The Sri Lankan Embassy in Riyadh receives an average of nine cases of runaway maids each day. The mission has opened a 24-hour cell to accommodate such cases and report them to the proper authorities. The country’s missions in Jeddah and Riyadh also run safe houses for such workers till problems are resolved. Common complaints by the maids include nonpayment of salaries, harassment and being forced to continue work beyond contract periods. Source.

H/T Doctor Bulldog

Slaves in Saudi

The unpalatable truth is that, the Ottoman and Persian empires were one of the last to abolish slavery, falling far behind their European counterparts in matters of human emancipation. Full abolition of slavery did not come until the twentieth century, with Saudi Arabia holding out until 1962. Given that desert kingdom’s shameful record on this basic human right, it was no surprise to read Human Rights Watch’s report and find that today’s migrant workers are kept in conditions of “near-slavery.”

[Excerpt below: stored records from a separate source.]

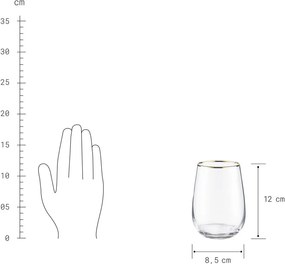 TOUCH OF GOLD vizespohár aranyszegéllyel, 590 ml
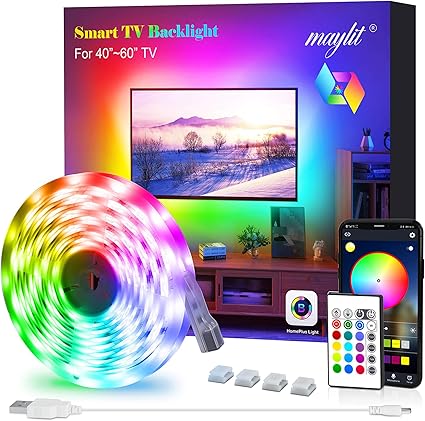 amazon co jp maylit ledストリップライト テレビ用ledバックライト tvbluetoothコントロール音楽と同期 usbバイアス照明 tvledライトキット リモコン付き rgb 5050 led色変化ライト 部屋 寝室用 6 56ft diy 工具 ガーデン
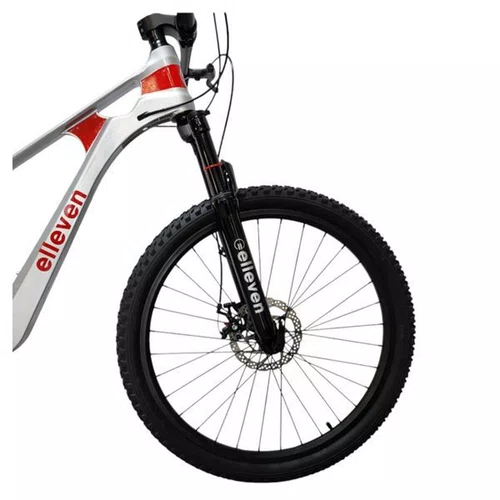 BICICLETA ARO 24 ELLEVEN MTB 8V C/SUSPENSAO CINZA/VERMELHO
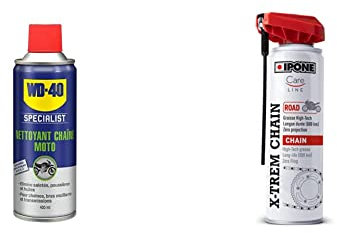 WD-40 Specialist Moto • Nettoyant Chaîne & IPONE - Graisse de Chaîne pour Moto Route X-trem Chain Road – Flacon Aérosol à Diffuseur Multi-positions 250 ml - Tenue longue durée 800 km
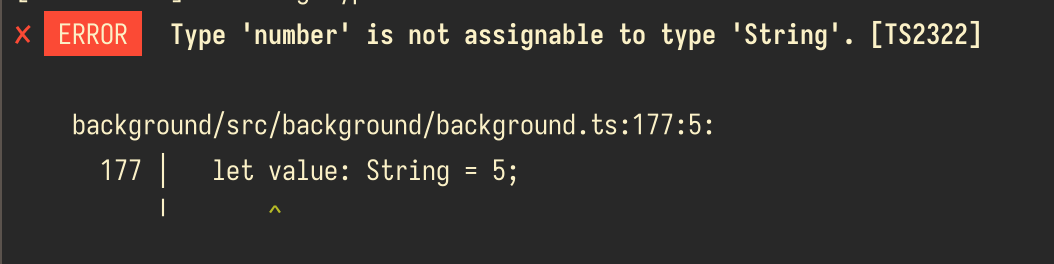 A screenshot of a terminal showing the same error from the above screenshots, but this time formatted using esbuild's native diagnostic format.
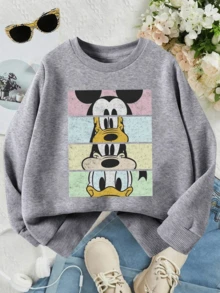 Disney Mickey Mouse Friends Pattern Prints, Soft And Warm Girls' Hoodie, Suitable For Daily Casual Wear, Family Outings And Other Scenarios. - Xám - Xem 1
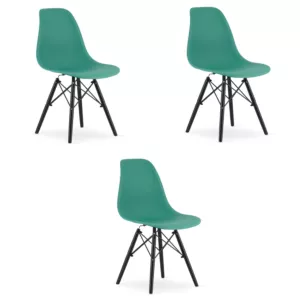 Krzesło OSAKA zielone / nogi czarne x 3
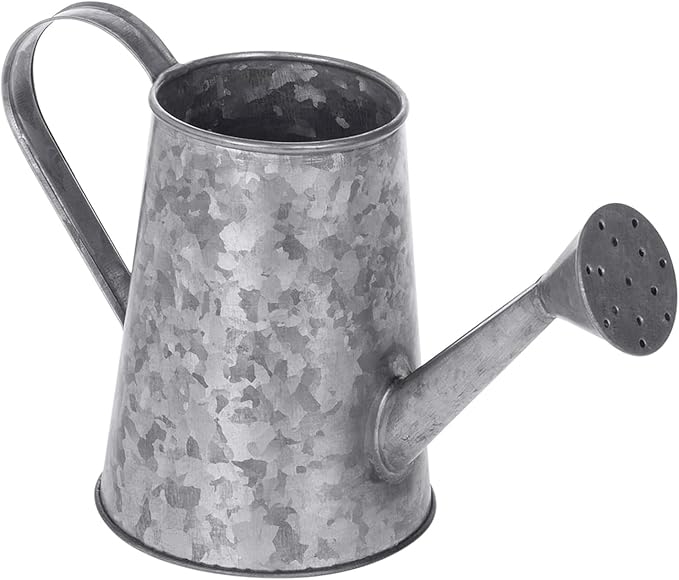 MyGift 5 Inch Mini Rustic Galvanized Metal Decorative Vase in Vintage Style Watering Can Design for Dried Flowers and Artificial Plants - Handcrafted in India-VerdiqueGarden
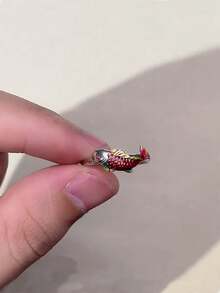 1 pezzo Anello di gioielleria vintage alla moda con motivo pesce carpa in cloisonné, regalo di gioielli per uso quotidiano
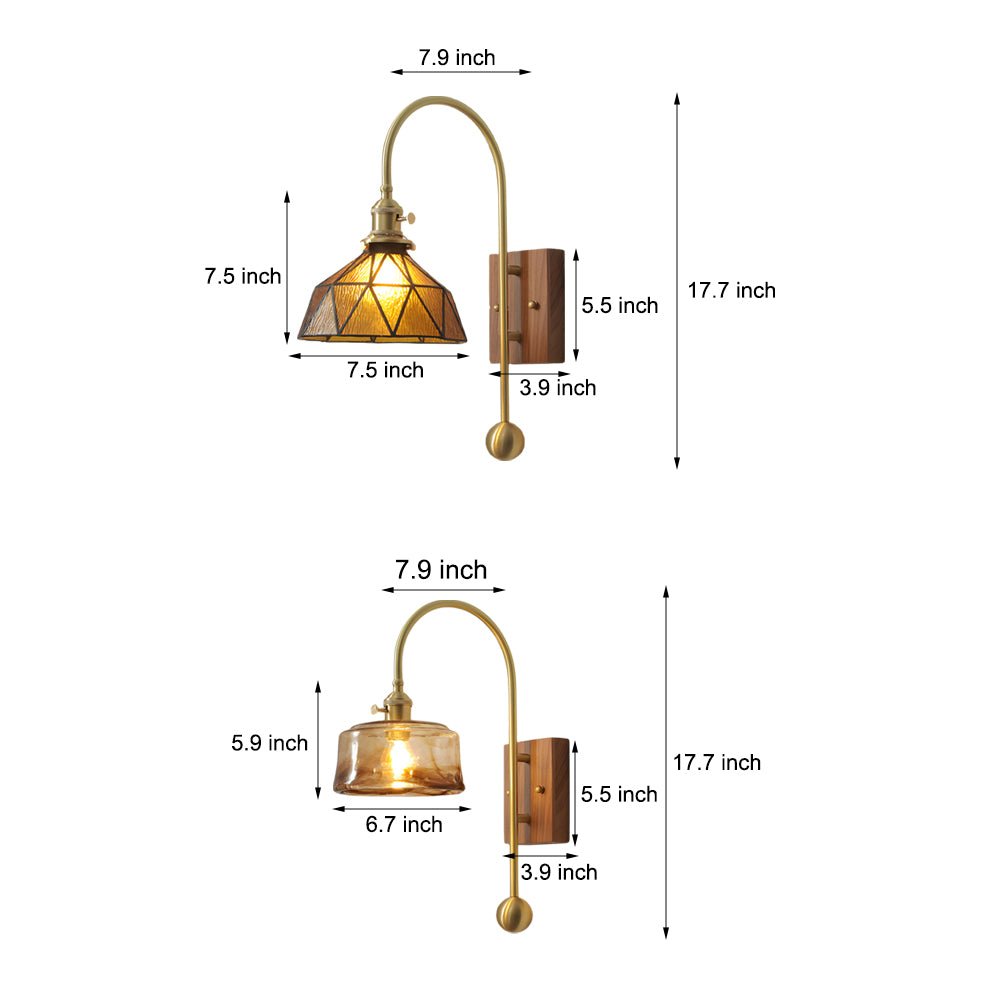 Vintage Brass Wall Light with Glass Shade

The Muslim world is sliding backwards into medievalism, and it is time for reformers to speak openly and bravely. There is a cancer that is eating away at our soul — a disease marked by paranoia, double standards and virulent racism. While we are in full-throated cry against abuses in Iraq and Palestine, we stay completely silent when it is Muslims who are the abusers (of both non-Muslims and Muslims).

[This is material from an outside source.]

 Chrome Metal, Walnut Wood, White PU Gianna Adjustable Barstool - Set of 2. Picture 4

How else to explain our outpouring of sympathy for the Bosnian genocide, but our complete silence on the ongoing genocide in Sudan? In that country’s civil war between the Arab Muslim North, and the black Christian and Animist South, 2 million people have been killed to date. In a BBC profile of the hundreds of black Africans who have been raped by pro-government Janjaweed Arab militia, one victim described the attackers: “They called me Abeid (slave in Arabic).”

Shame on the Muslim world for staying silent!

BAD DREAMS:
Exploitation and Abuse of Migrant Workers in Saudi Arabia – Human Rights Watch

Summary

an excerpt

“It was like a bad dream” is the way one migrant worker from the Philippines summed up his experiences in Saudi Arabia. Another worker, from Bangladesh, told us: “I slept many nights beside the road and spent many days without food. It was a painful life. I could not explain that life.” A woman in a village in India, whose son was beheaded following a secret trial, could only say this: “We have no more tears, our tears have all dried up.” She deferred to her husband to provide the account of their son’s imprisonment and execution in Jeddah.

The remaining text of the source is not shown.